● **Exercise objective**
Please print exactly the lines from the line containing "Editorial Fashion Photography" through the end of the data, no more, and keep pictures out of the copy.

Crawled caption data:
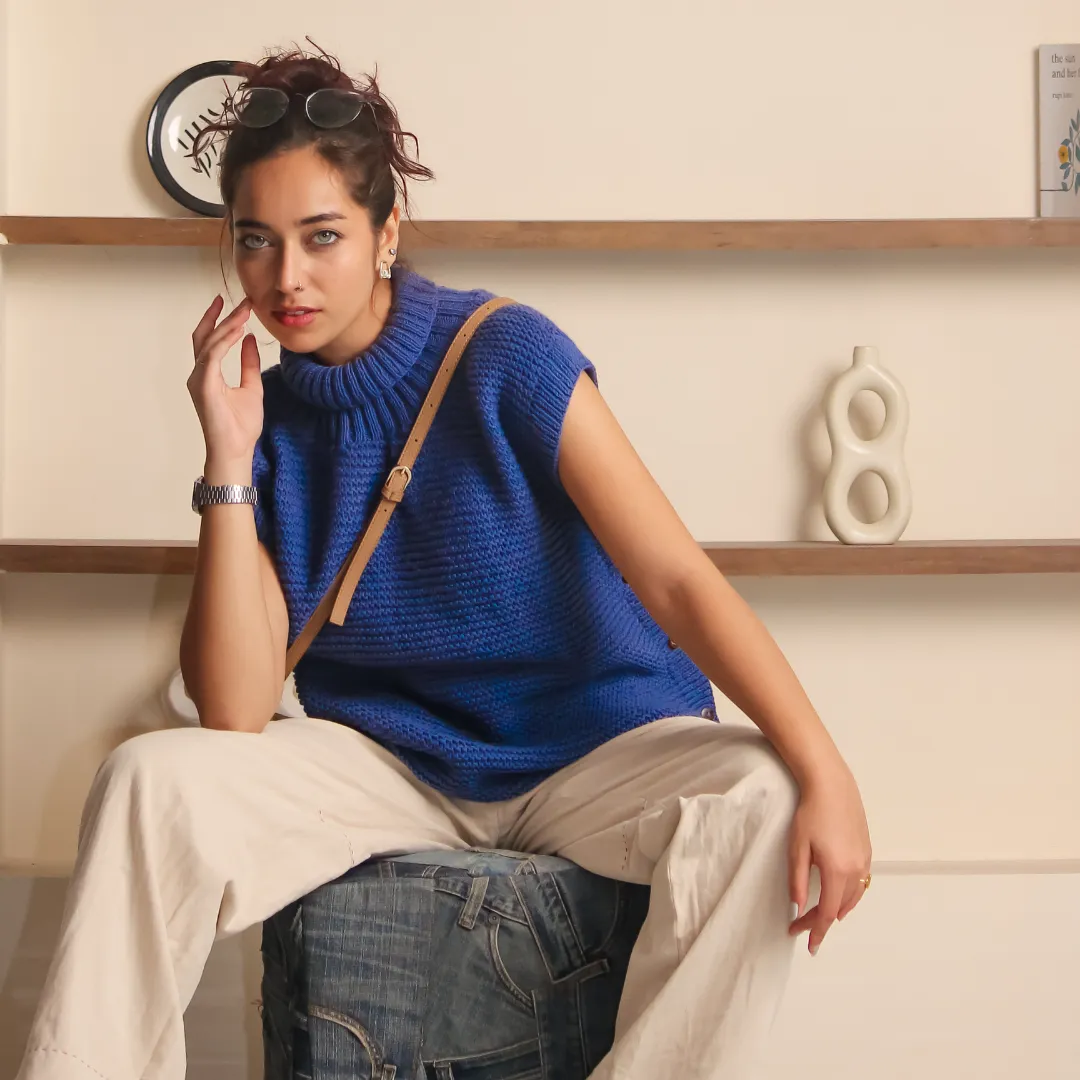 Ame Pullover – Cozy, Handknitted Wool for Modern Women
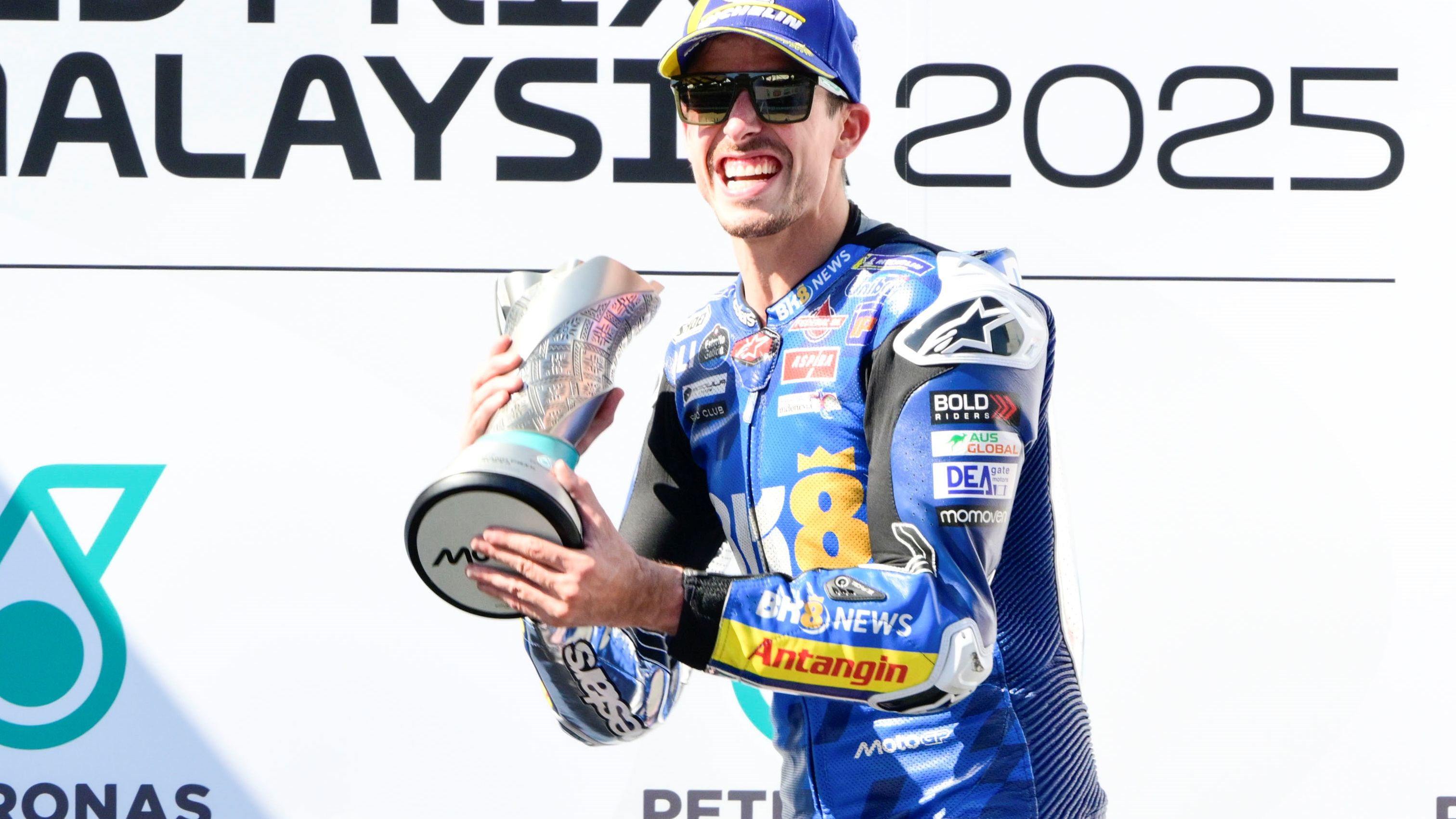 Álex Márquez celebra la victoria en el GP de Malasia Álex Márquez celebra la victoria en el GP de Malasia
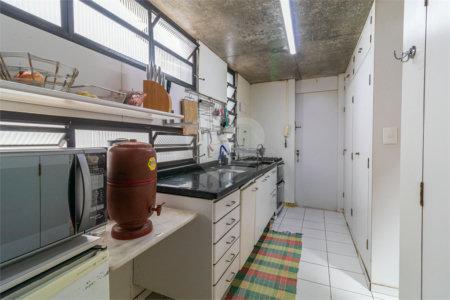 Casa de Vila à venda com 3 quartos, sendo 1 suíte, em Chácara Monte Alegre, São Paulo, SP
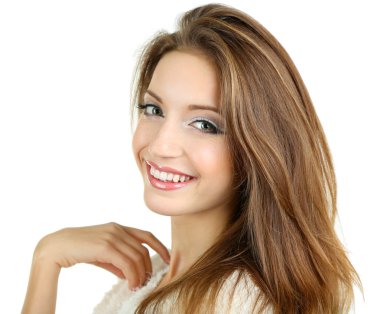 güzel kız gülümseyerek üzerine beyaz izole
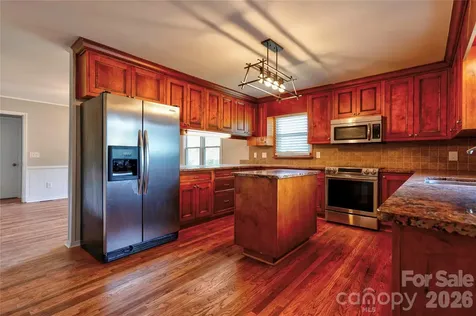 176 Knollwood Drive Forest City NC 28043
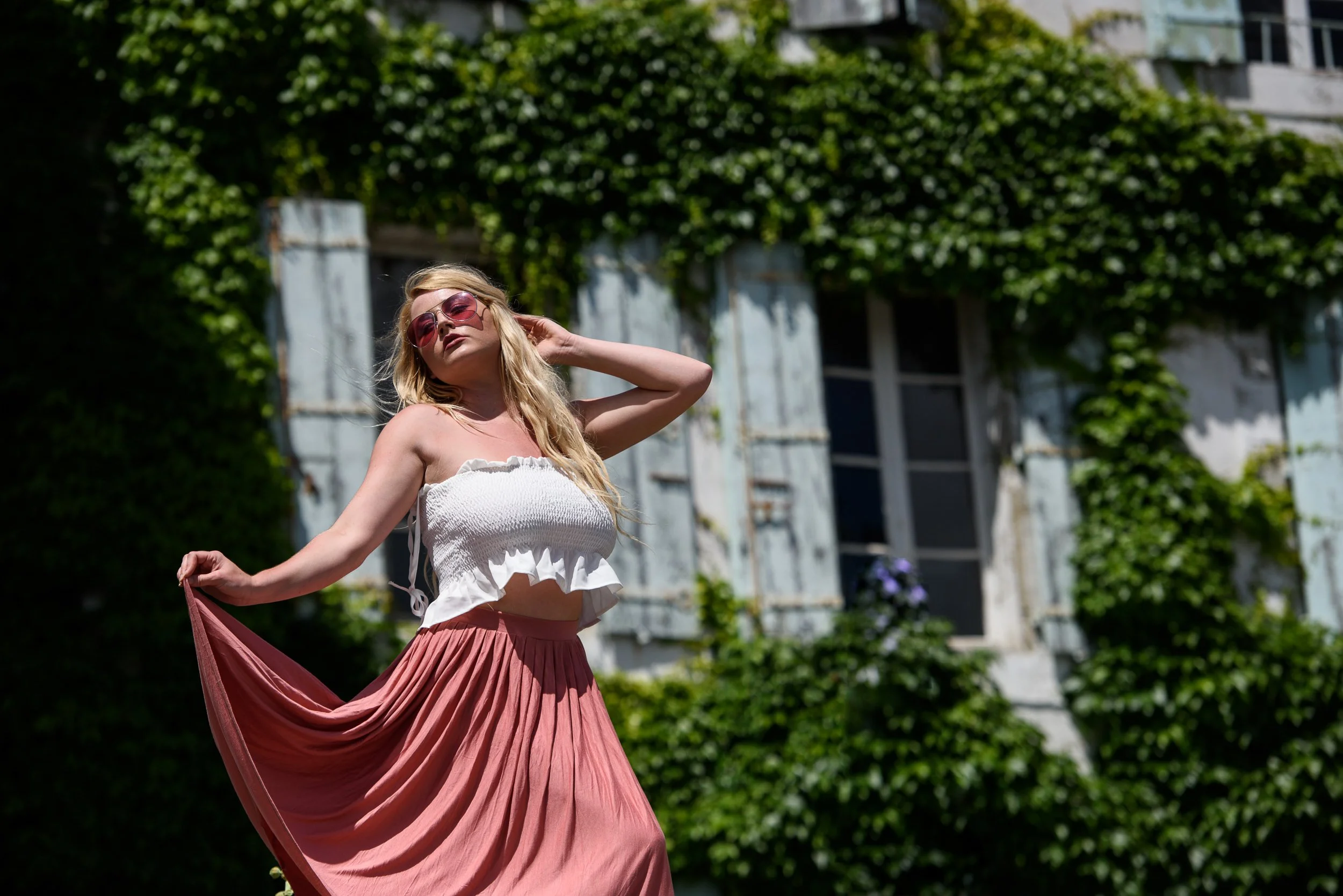 Editorial Fashion Photography France – outdoor portrait with greenery and natural light in Montreuil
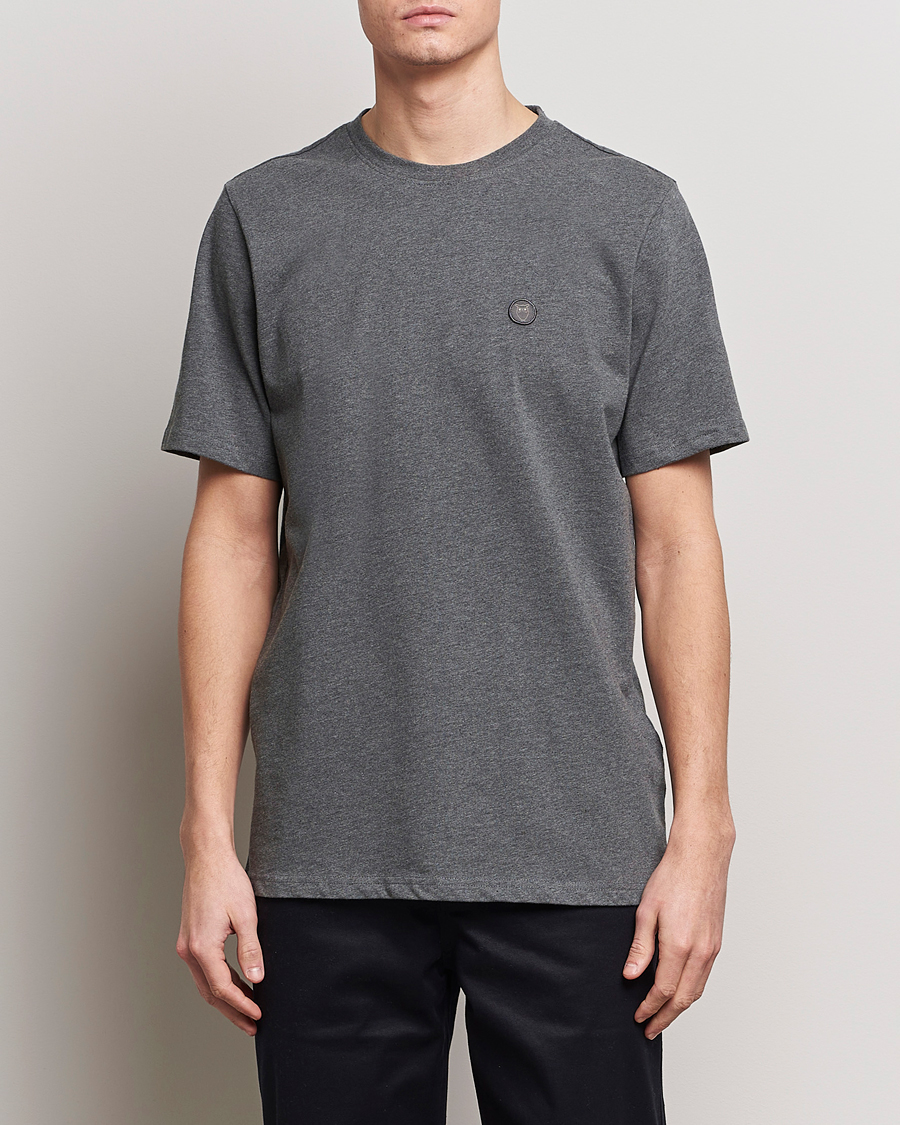 Homme | Vêtements | KnowledgeCotton Apparel | Loke Badge T-Shirt Dark Grey Melange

● **Expected output**
 Editorial Fashion Photography France – outdoor portrait with greenery and natural light in Montreuil
 Homme | Vêtements | KnowledgeCotton Apparel | Loke Badge T-Shirt Dark Grey Melange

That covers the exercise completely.